We believe gold today is undervalued and that a huge gold bull market could lie in front of us.
As we wrote extensively first in the late 1990s and again today, we believe that gold has become radically undervalued. Although many investors believe that gold can’t be valued, we take a different view. We believe gold is like any other asset class. Asset classes (bonds, stocks, emerging markets, commodities or gold) become popular, sustain large price advances and become overvalued. At that point, they represent poor investments. Conversely, these same asset classes will often undergo long periods of investor disinterest, experience sustained and drawn-out price declines, and consequently will become undervalued. At that point, they often represent excellent investment opportunities.
We agree with consensus opinion regarding gold on a long-term basis: gold represents a poor investment. As its critics correctly point out, it pays no dividends or interest, and it is expensive to store. However, if investors can properly identify those periods when gold is severely undervalued, then gold (as an asset class), can produce superior (and indeed often spectacular) uncorrelated returns, just like it did back in 1929, 1970 and 1999.

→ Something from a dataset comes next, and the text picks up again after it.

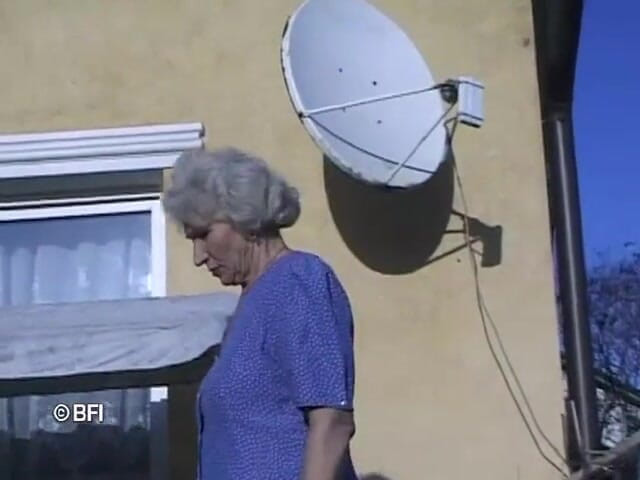 Nasty matures and dirty grannies club: Bizarre files 58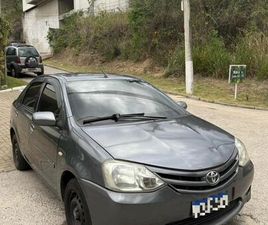 XS SEDAN 1.5 FLEX 16V 4P MEC.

Let’s look at how gold has historically been priced relative to financial assets. The popularity of financial assets (especially the stock market) and gold tend to be inversely correlated and by measuring the divergence between stock prices and gold we can see where we stand in the investment cycle. One of our favorite ratios is the price level of the Dow Jones Industrial Average to gold’s price. As you can see from the chart below, there have been three distinct periods of extreme overvaluation of financial assets versus gold in the last 100 years: 1929, the late 1960s/early 1970s, and 1999/early 2000s.

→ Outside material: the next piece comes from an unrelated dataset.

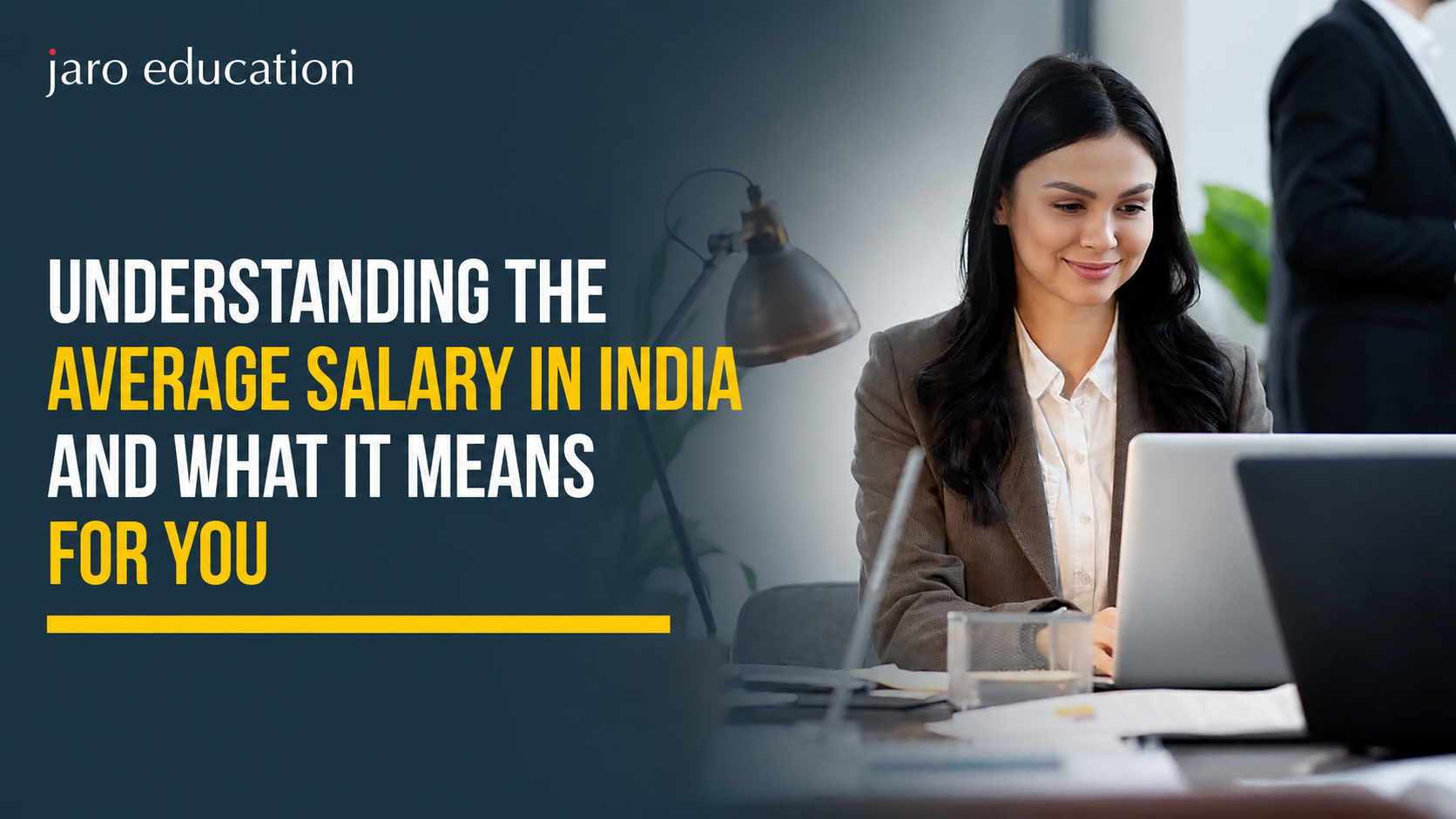 Average Salary in India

Dow Jones Industrial Average / Gold Price
Today, with the stock market having more than doubled since 2011 and gold prices today 35% below their 2011 peak, the Dow to gold ratio stands at 20. Although we have not reached the valuation extremes of 1970 or 1999, we are trading above the ratio of 18 achieved back in 1929, which was the first distinct period of extreme overvaluation during this 100-year span. (For more information on this and other valuation metrics such as the relationship between the size of the US Federal Reserve’s balance sheet and the dollar value of the Treasury’s gold holdings, we encourage you to read our full Q2 2018 commentary.)

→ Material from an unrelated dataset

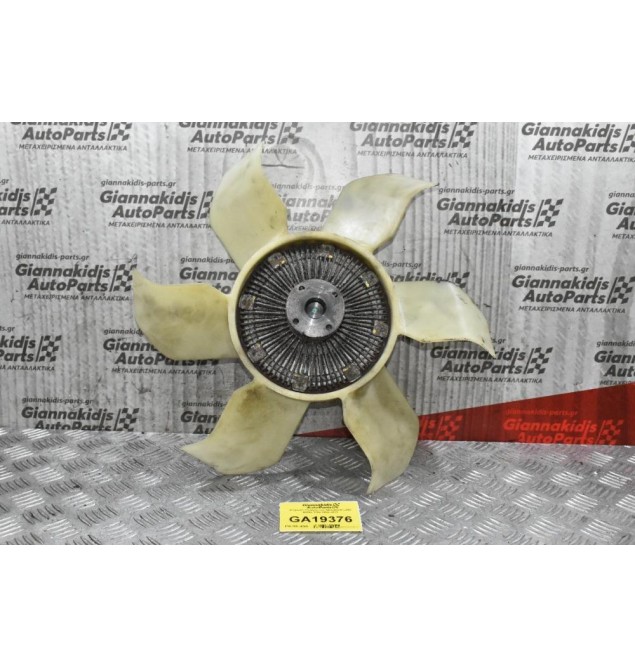 Φτερωτή-Υδράργυρος Mitsubishi L200 4D56U KB4 2006-2015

We believe the next leg in the great bull market could begin to take shape in the not too distant future. It has been over 38 years since we last saw speculative fevers grip global precious metal markets. We would not be surprised if the next upward move in gold ushers in a return of extreme speculative activity, something that has been completely absent from the gold bull market that started back in 2000. As the famed market commentator Richard Russell used to repeatedly tell investors: “There is no fever like gold fever.”